You can use a rotation lock for your device, which restricts its ability to change orientation. By default, an iPhone senses when it is in landscape or portrait. This was one of the key features during the iPhone introduction (using an accelerometer). It looks very cool, but in reality, it's almost useless on a phone.

Most users are just using the portrait mode all the time, and the landscape orientation is often toggled by accident while in bed or couch.

That's why many users are activating the rotation lock permanently (I'm in this category). This is how it looks like:

Rotation lock

When it's active (like in the screenshot above), your device will never rotate automagically. You can stay in portrait orientation forever.

This is perfect, except for one thing: videos. Videos are the only thing you want to see in landscape, not portrait.1

Since tons of videos are consumed through YouTube, the problem is particularly egregious there. Fortunately, YouTube added a way to switch a video to landscape, even when in portrait orientation (by using the fullscreen button), locked or not.

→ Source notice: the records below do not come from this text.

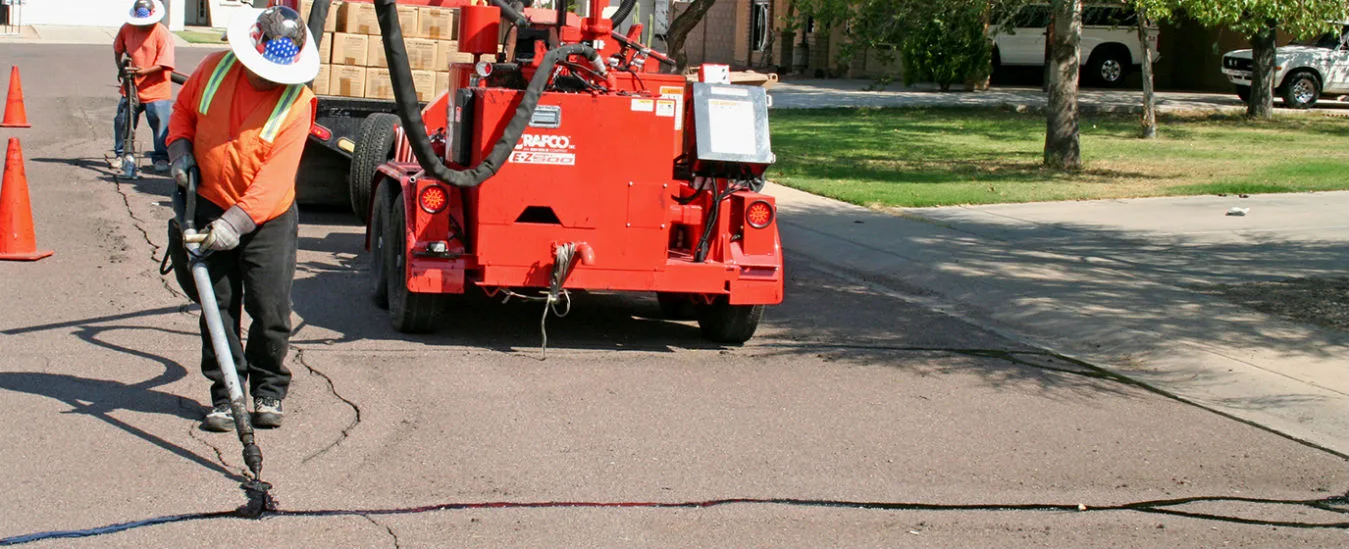 Scellement de fissures asphalte gros plan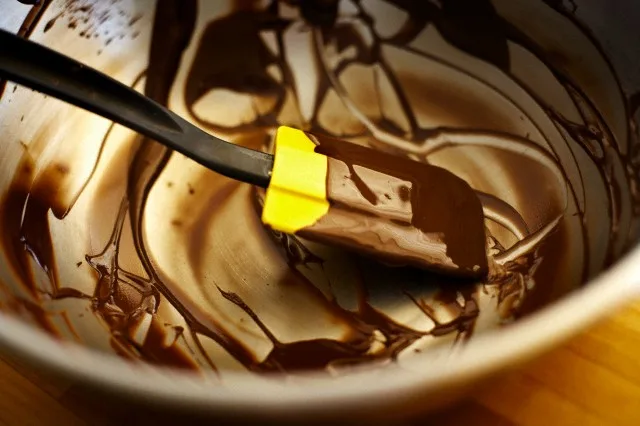 Spatula Chocolate Bowl — Image by © Richard Eskite/Corbis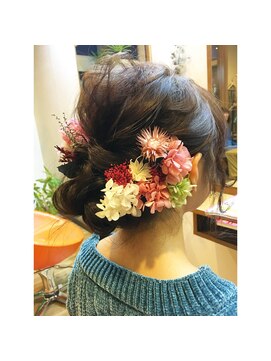 キキ 美容室(KIKI) 岩泉由紀子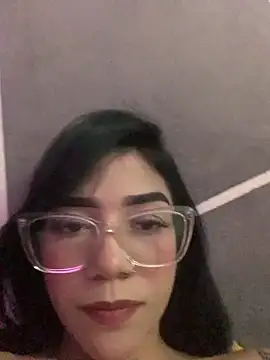 ElaRose 12 online show from October 2025 04:36:01 PM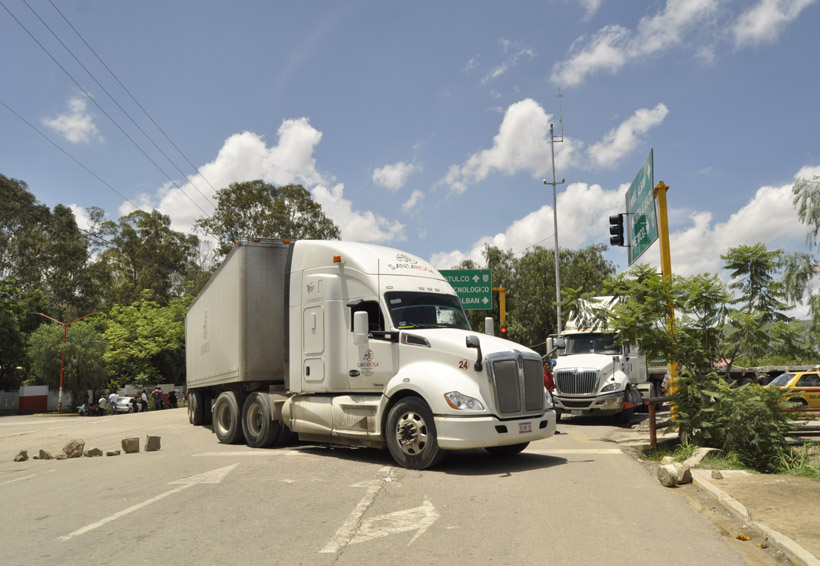 Transportistas y la Sección 22 paralizan Oaxaca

It's not as practical as physically rotating the phone though.


A few years ago, iOS' built-in Shortcuts2 app added "Automation" triggers.

With this, you can program an action when something happens on your phone. For example, if you open a certain app, you can automatically trigger something… like enabling or disabling the orientation lock! You can see where we are going…

  1. Open Shortcuts (it should be installed by default now)
  2. Go to the Automation tab
  3. Create 2 automations:

    1. The first one is for when some apps are opened (disabling the rotation lock)
    2. The second does the reverse, when the same apps are closed (enabling the rotation lock again)
  4. Obviously, set it to YouTube (and any other app necessary)

You should have this by the end:

Automations

Thanks to this automation, I keep the rotation lock activated all the time, but still physically rotate my device to play videos in landscape.

This trick is not new at all. It was feasible since iOS 13 or 14, so why am I talking about this? Until now, everytime the trigger would activate, iOS would throw an annoying notification:

Notification

Because of that, I could never recommend this tip to anyone. However, today Apple released iOS 15.4, which finally allows an automation to hide its notification.


Now, let's hope for a real “Lock orientation except when playing videos” setting.


  1. Well, portrait videos are becoming a thing thanks to TikTok and modern social networks, but that's another matter.

  2. Shortcuts, previously Workflow, was bought by Apple and integrated into the system as its native automation app for power users. It's great.